*** Opening of Exercise material ***

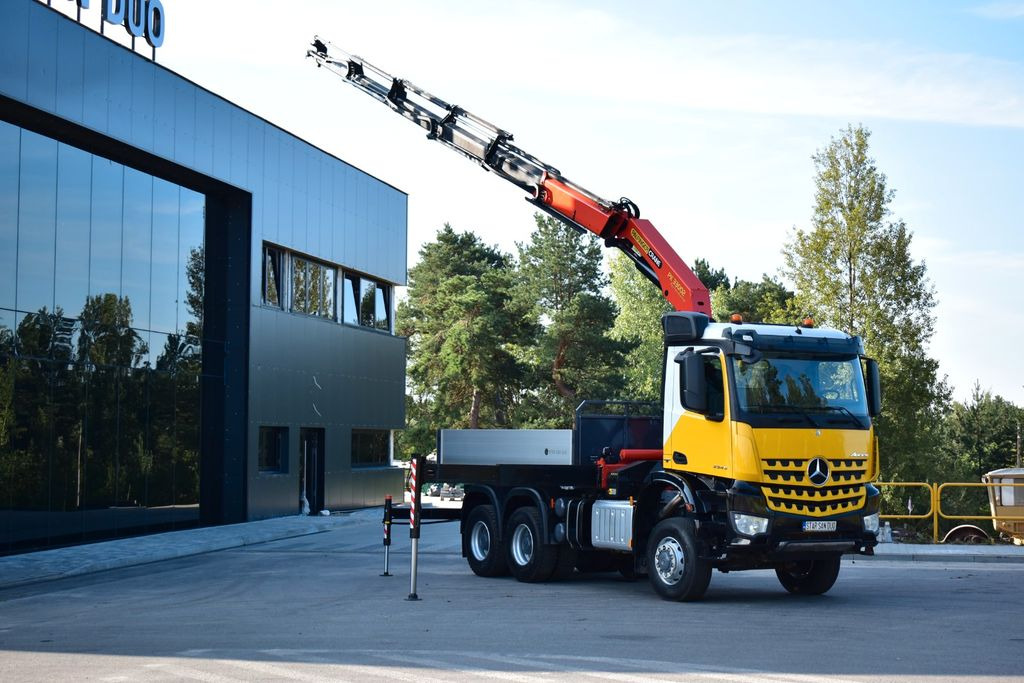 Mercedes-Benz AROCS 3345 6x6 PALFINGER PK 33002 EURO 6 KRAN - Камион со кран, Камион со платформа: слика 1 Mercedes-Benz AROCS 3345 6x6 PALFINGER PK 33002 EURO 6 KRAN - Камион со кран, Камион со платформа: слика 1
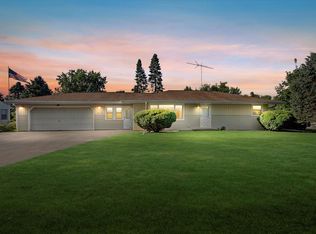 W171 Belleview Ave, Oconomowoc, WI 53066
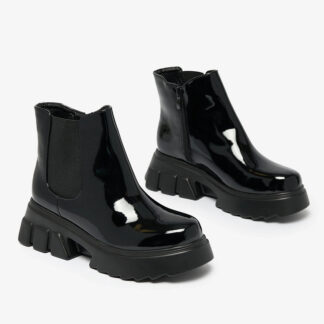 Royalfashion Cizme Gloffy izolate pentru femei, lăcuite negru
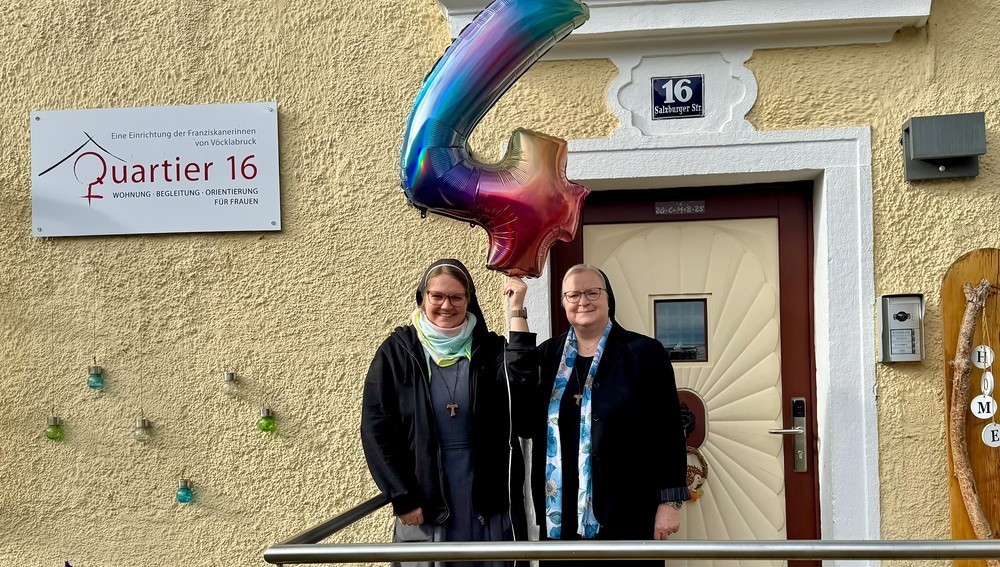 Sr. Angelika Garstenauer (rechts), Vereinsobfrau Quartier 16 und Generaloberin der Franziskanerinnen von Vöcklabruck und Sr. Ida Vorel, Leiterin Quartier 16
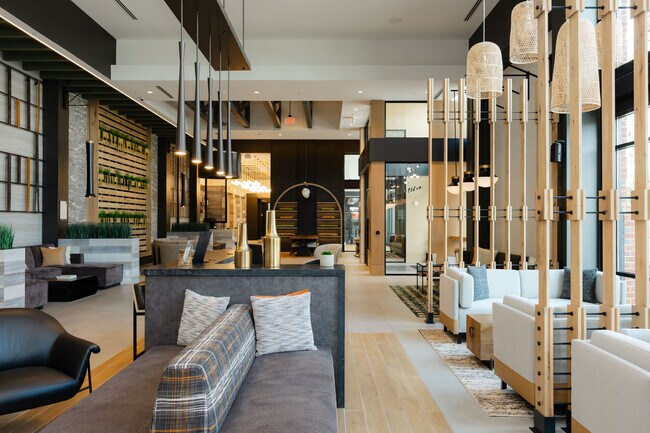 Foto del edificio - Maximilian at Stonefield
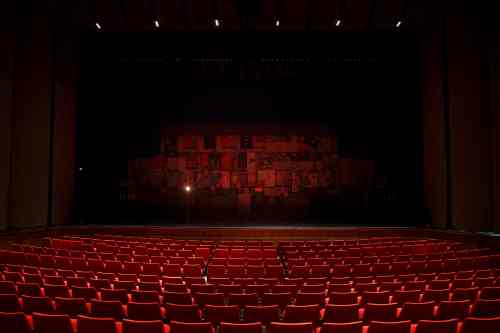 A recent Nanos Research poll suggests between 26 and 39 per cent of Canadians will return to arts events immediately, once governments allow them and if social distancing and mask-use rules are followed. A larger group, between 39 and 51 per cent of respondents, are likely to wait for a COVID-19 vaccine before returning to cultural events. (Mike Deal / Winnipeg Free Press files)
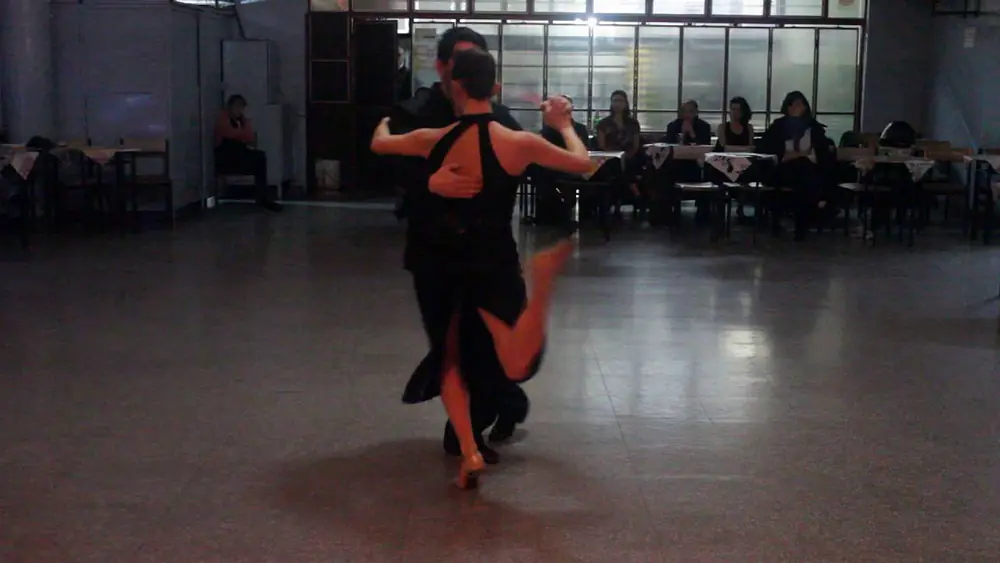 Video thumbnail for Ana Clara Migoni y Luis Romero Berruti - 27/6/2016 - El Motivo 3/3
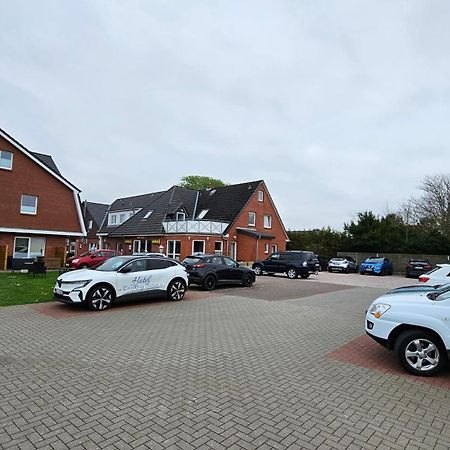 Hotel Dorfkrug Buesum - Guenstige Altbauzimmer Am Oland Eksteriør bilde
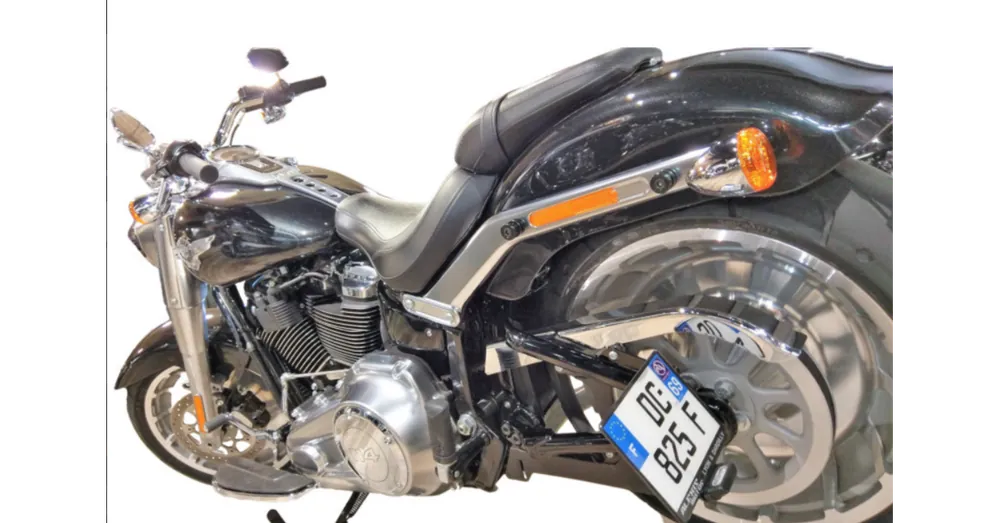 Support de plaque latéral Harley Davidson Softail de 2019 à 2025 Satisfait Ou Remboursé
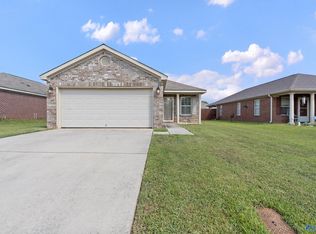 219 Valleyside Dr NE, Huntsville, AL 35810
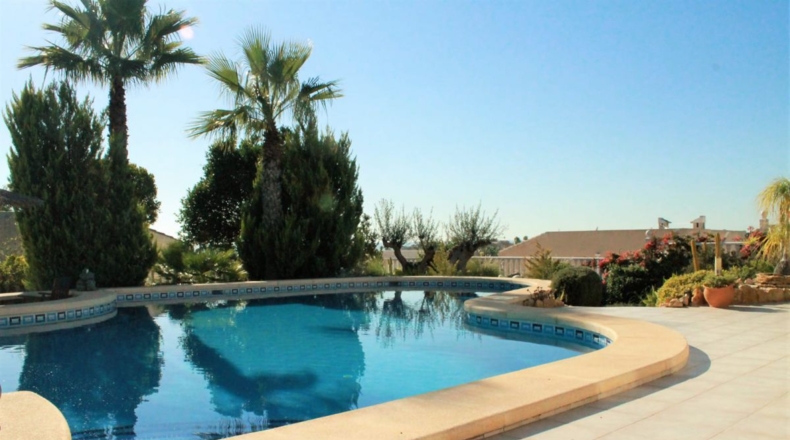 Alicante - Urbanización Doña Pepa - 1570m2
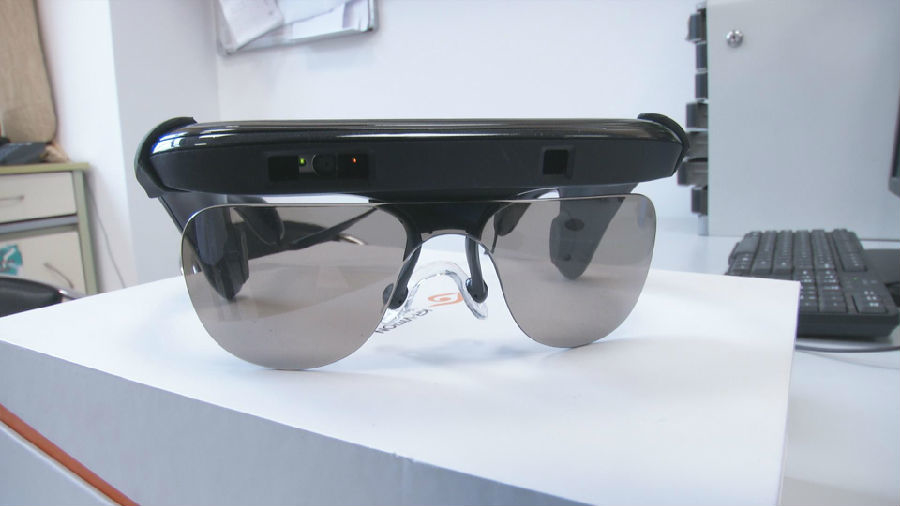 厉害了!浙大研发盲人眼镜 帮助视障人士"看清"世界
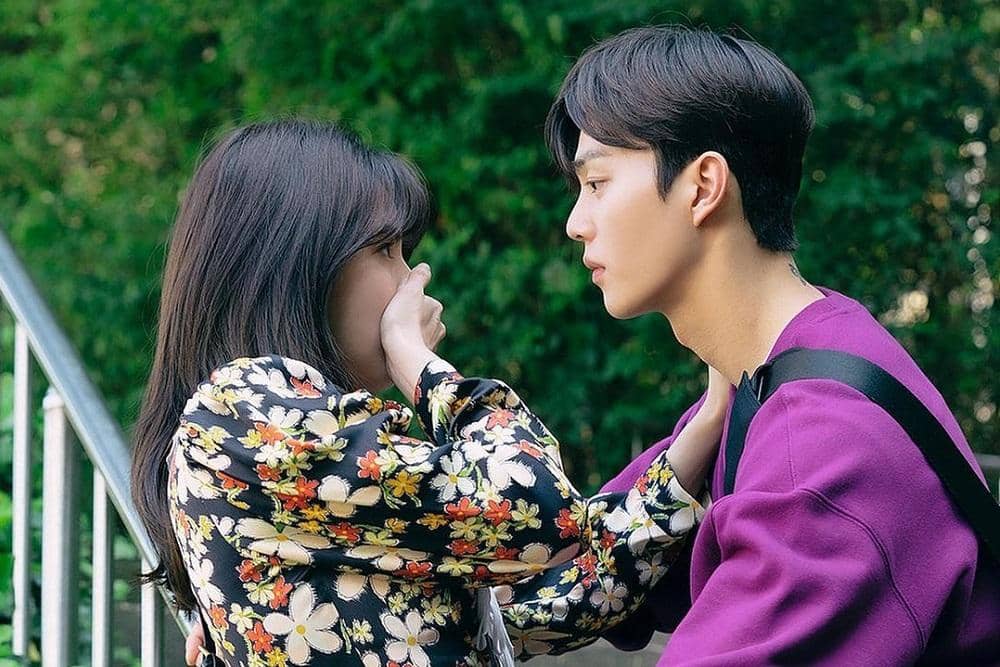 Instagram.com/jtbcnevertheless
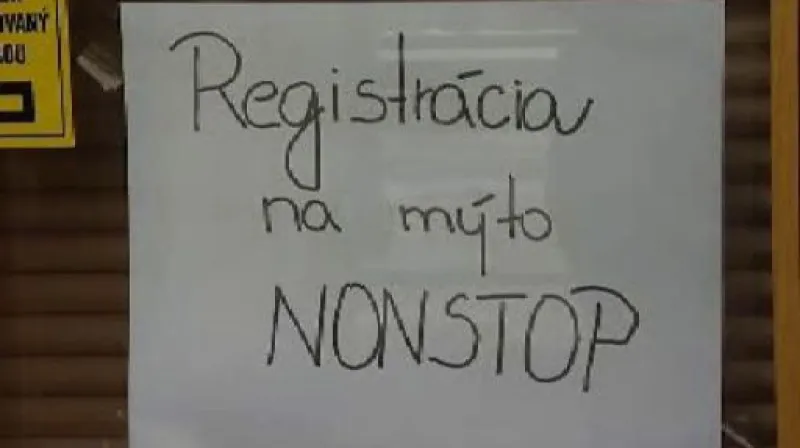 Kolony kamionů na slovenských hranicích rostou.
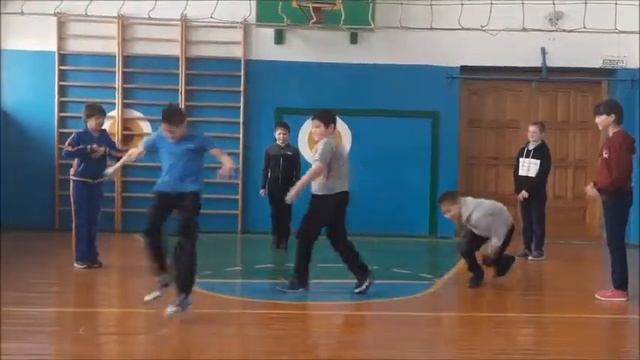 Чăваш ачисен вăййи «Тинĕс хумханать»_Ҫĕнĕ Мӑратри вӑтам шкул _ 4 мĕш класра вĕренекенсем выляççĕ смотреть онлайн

*** Close of Exercise material ***

- [Exercise brief]:
Reproduce every line of the data above, exactly as it stands, but not the pictures.

- [Your solution]:
 Mercedes-Benz AROCS 3345 6x6 PALFINGER PK 33002 EURO 6 KRAN - Камион со кран, Камион со платформа: слика 1 Mercedes-Benz AROCS 3345 6x6 PALFINGER PK 33002 EURO 6 KRAN - Камион со кран, Камион со платформа: слика 1
 W171 Belleview Ave, Oconomowoc, WI 53066
 Royalfashion Cizme Gloffy izolate pentru femei, lăcuite negru
 Sr. Angelika Garstenauer (rechts), Vereinsobfrau Quartier 16 und Generaloberin der Franziskanerinnen von Vöcklabruck und Sr. Ida Vorel, Leiterin Quartier 16
 Foto del edificio - Maximilian at Stonefield
 A recent Nanos Research poll suggests between 26 and 39 per cent of Canadians will return to arts events immediately, once governments allow them and if social distancing and mask-use rules are followed. A larger group, between 39 and 51 per cent of respondents, are likely to wait for a COVID-19 vaccine before returning to cultural events. (Mike Deal / Winnipeg Free Press files)
 Video thumbnail for Ana Clara Migoni y Luis Romero Berruti - 27/6/2016 - El Motivo 3/3
 Hotel Dorfkrug Buesum - Guenstige Altbauzimmer Am Oland Eksteriør bilde
 Support de plaque latéral Harley Davidson Softail de 2019 à 2025 Satisfait Ou Remboursé
 219 Valleyside Dr NE, Huntsville, AL 35810
 Alicante - Urbanización Doña Pepa - 1570m2
 厉害了!浙大研发盲人眼镜 帮助视障人士"看清"世界
 Instagram.com/jtbcnevertheless
 Kolony kamionů na slovenských hranicích rostou.
 Чăваш ачисен вăййи «Тинĕс хумханать»_Ҫĕнĕ Мӑратри вӑтам шкул _ 4 мĕш класра вĕренекенсем выляççĕ смотреть онлайн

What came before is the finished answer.